[About this exercise]:
In the entries below, begin at the line that has "Giardino con piscina" and stop after the line that has "果汁100％ジュースで味わう 信州のリンゴ おまかせ"; output those lines exactly, leaving out pictures.

Dataset records:
────────────────────

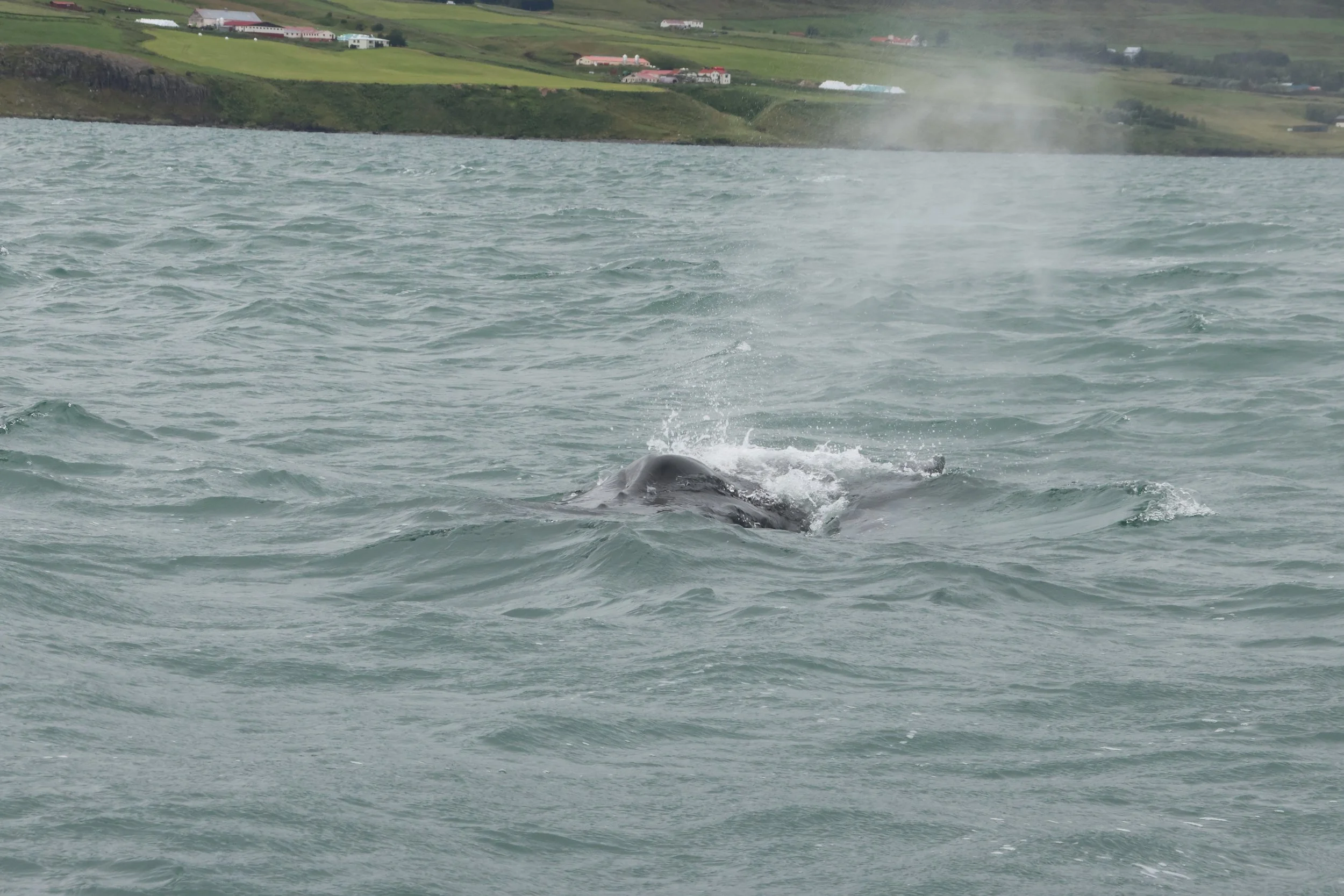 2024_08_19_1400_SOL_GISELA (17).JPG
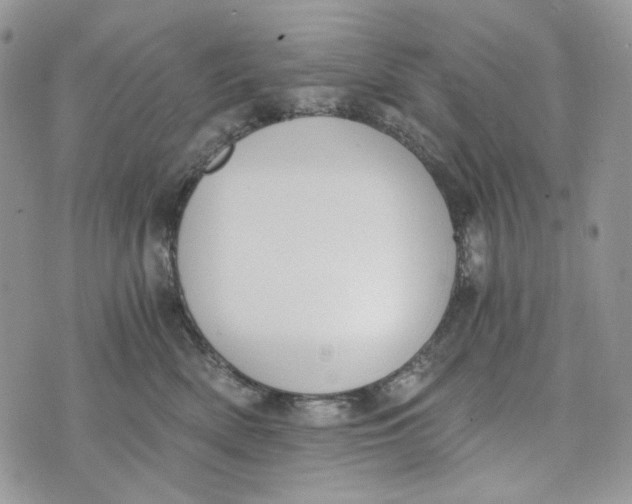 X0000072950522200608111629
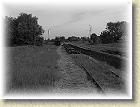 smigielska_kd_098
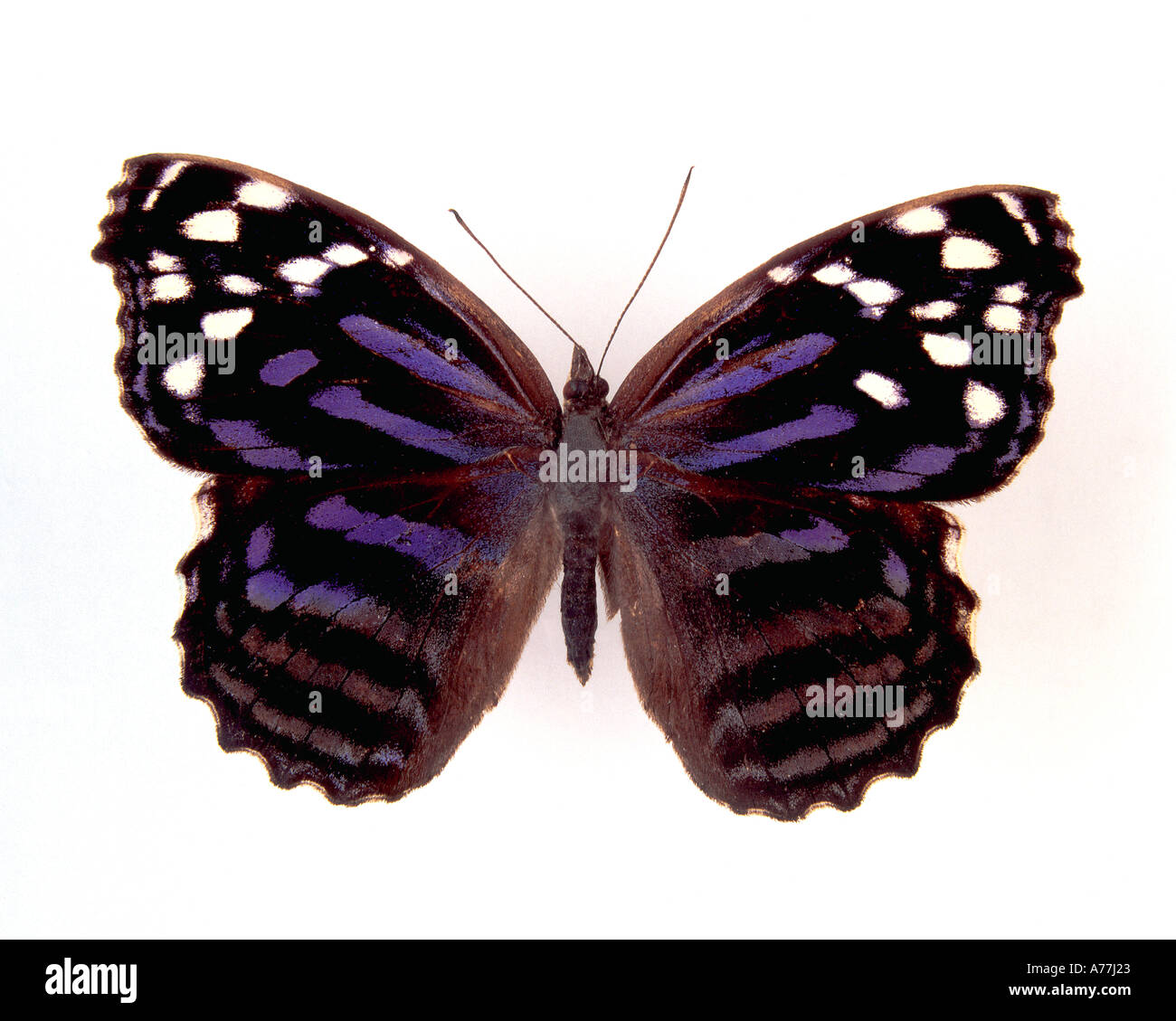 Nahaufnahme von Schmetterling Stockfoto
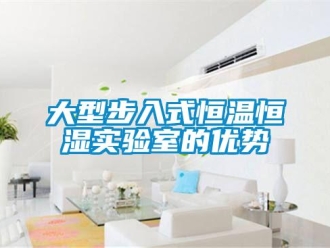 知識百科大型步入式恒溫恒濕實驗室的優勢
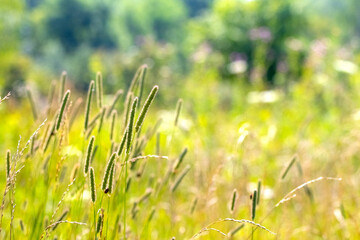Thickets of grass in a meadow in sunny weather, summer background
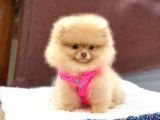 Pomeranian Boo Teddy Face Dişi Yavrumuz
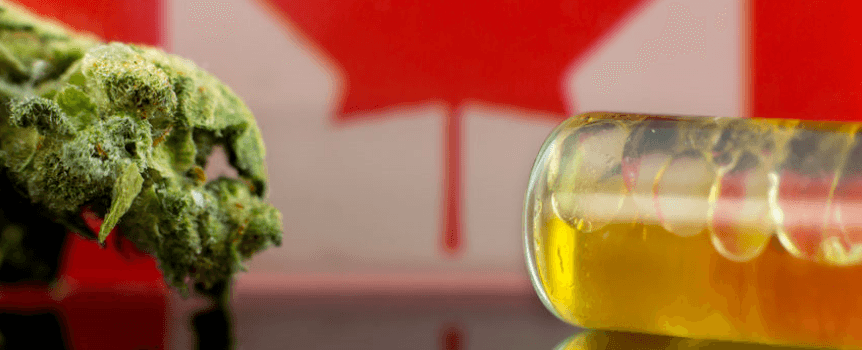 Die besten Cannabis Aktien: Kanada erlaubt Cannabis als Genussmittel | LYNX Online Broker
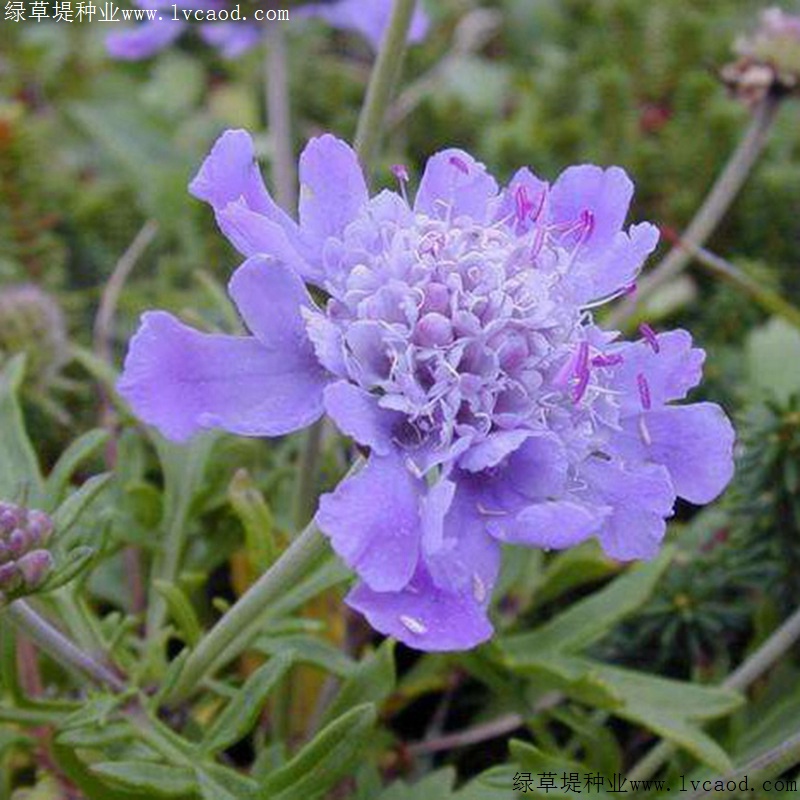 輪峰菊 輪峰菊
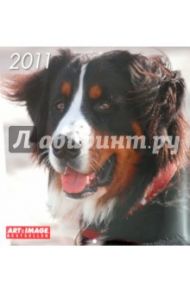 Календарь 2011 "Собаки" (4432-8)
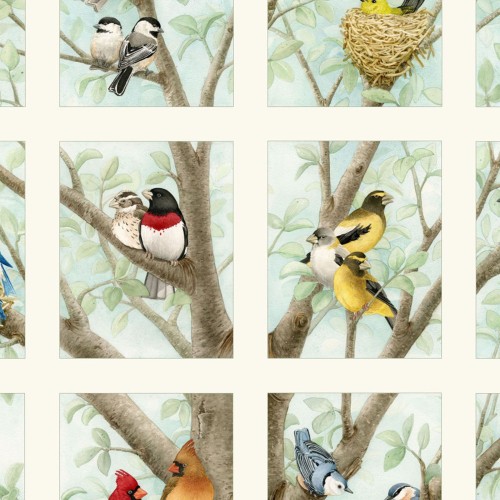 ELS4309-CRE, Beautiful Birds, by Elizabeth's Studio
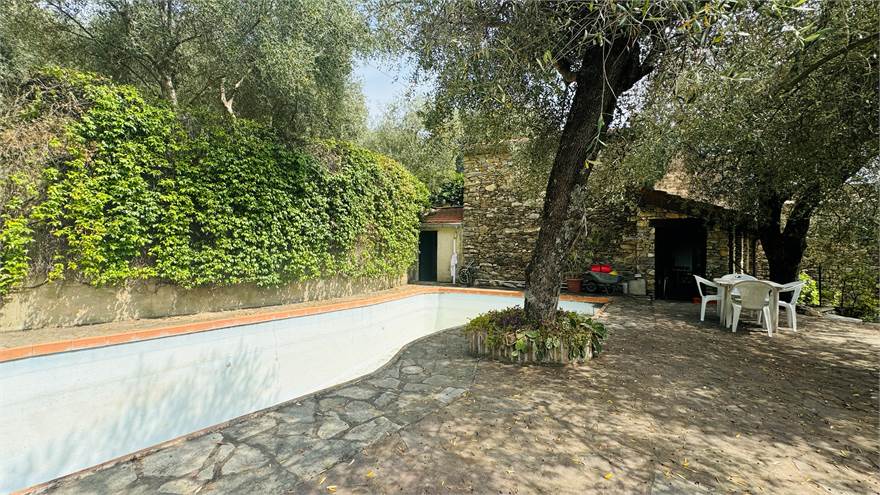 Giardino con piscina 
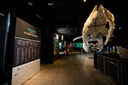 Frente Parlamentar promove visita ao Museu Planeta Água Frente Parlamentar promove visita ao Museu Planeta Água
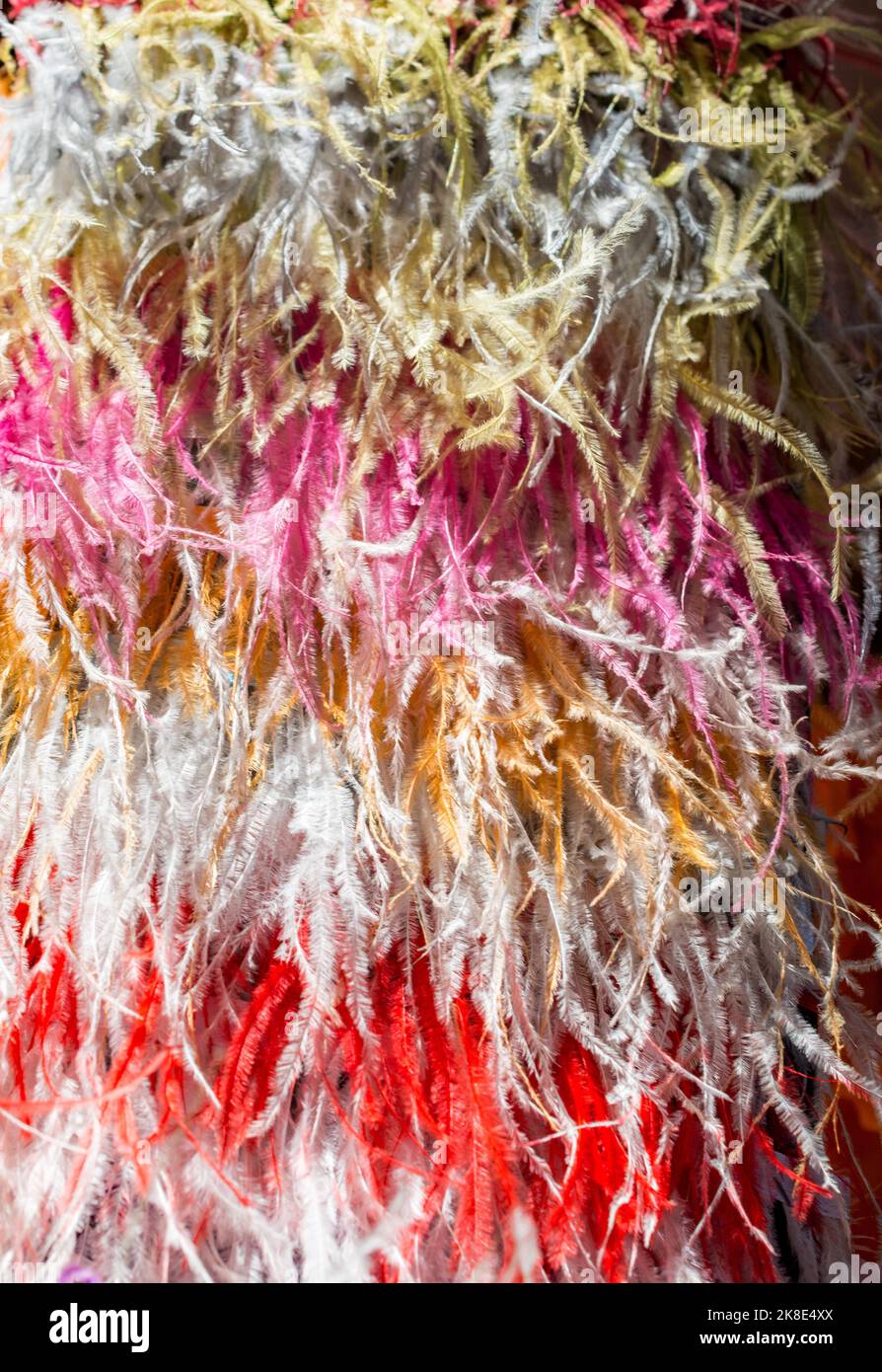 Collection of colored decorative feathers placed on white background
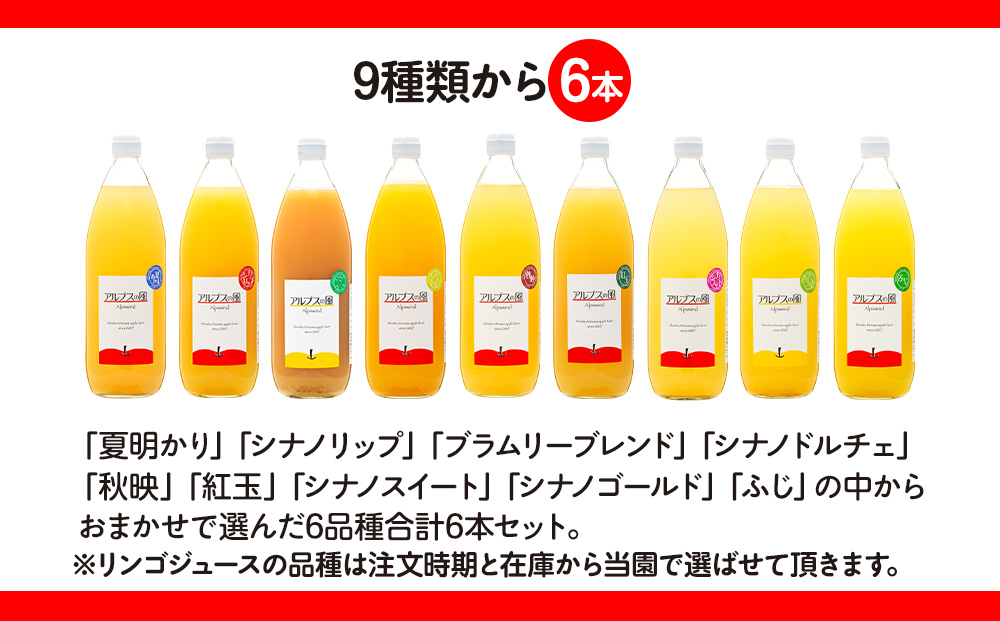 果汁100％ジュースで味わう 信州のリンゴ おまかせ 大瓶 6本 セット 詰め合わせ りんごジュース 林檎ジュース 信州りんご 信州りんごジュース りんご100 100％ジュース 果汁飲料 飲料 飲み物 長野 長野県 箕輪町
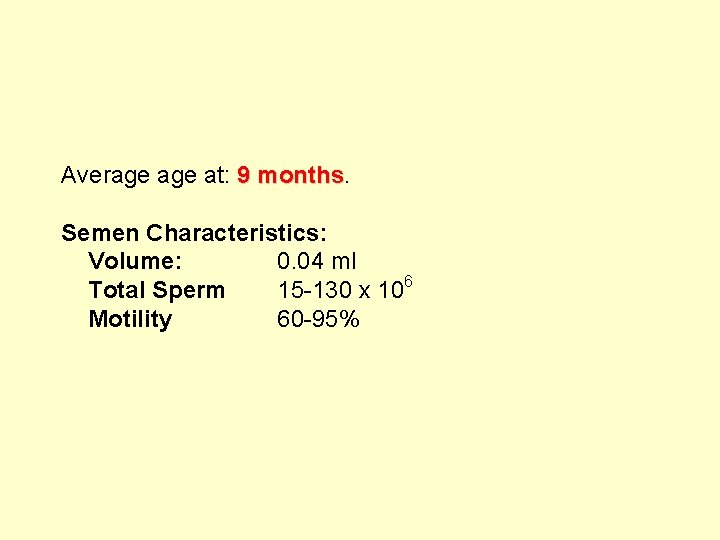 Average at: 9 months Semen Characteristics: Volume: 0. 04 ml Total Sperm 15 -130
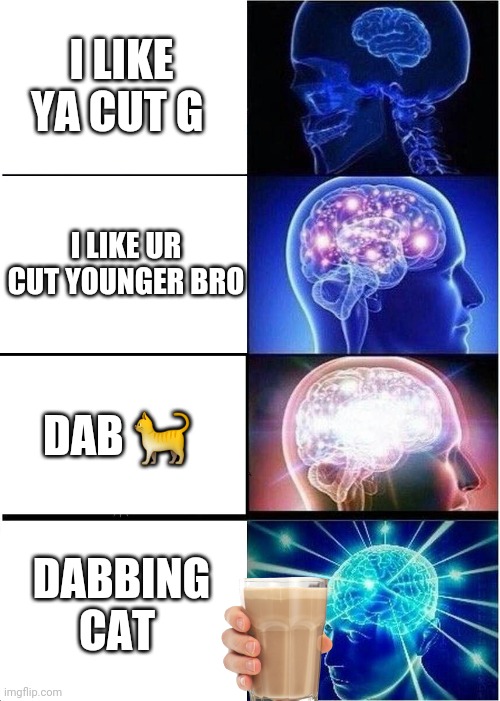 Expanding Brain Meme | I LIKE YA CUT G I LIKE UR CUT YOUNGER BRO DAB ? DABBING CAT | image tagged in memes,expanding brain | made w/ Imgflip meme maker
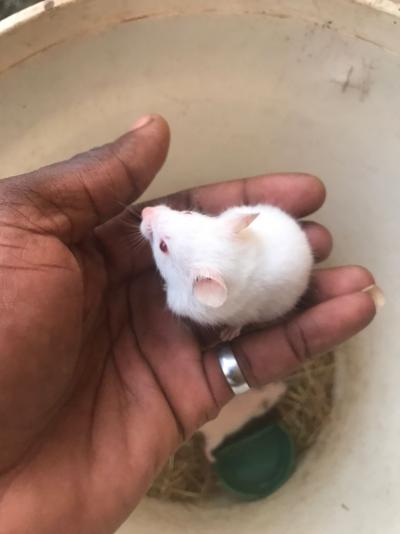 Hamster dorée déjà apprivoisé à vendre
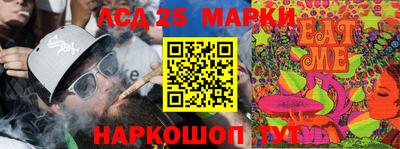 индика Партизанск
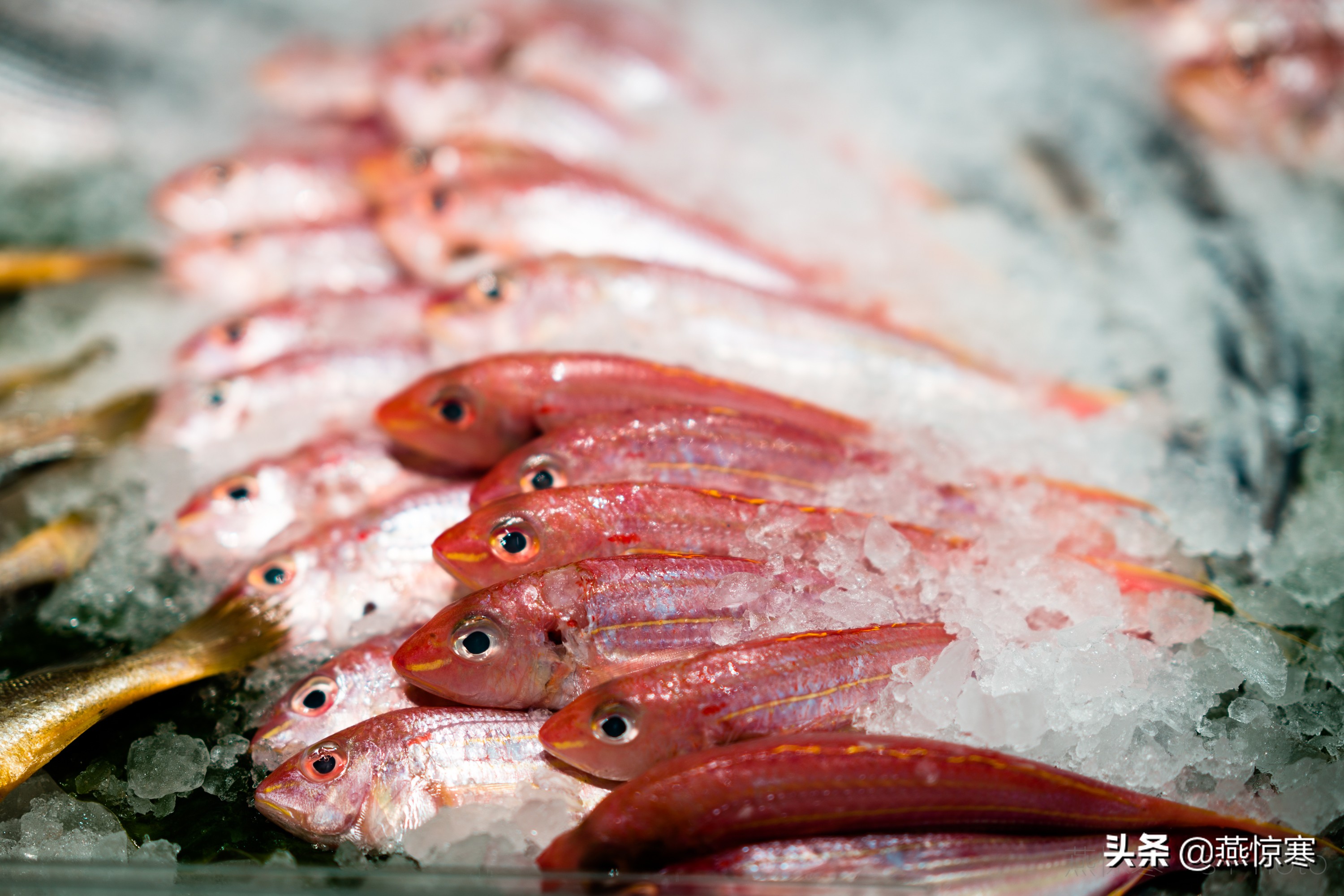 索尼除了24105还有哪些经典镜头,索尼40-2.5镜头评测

────────────────────

[Response for this exercise]:
 Giardino con piscina 
 Frente Parlamentar promove visita ao Museu Planeta Água Frente Parlamentar promove visita ao Museu Planeta Água
 Collection of colored decorative feathers placed on white background
 果汁100％ジュースで味わう 信州のリンゴ おまかせ 大瓶 6本 セット 詰め合わせ りんごジュース 林檎ジュース 信州りんご 信州りんごジュース りんご100 100％ジュース 果汁飲料 飲料 飲み物 長野 長野県 箕輪町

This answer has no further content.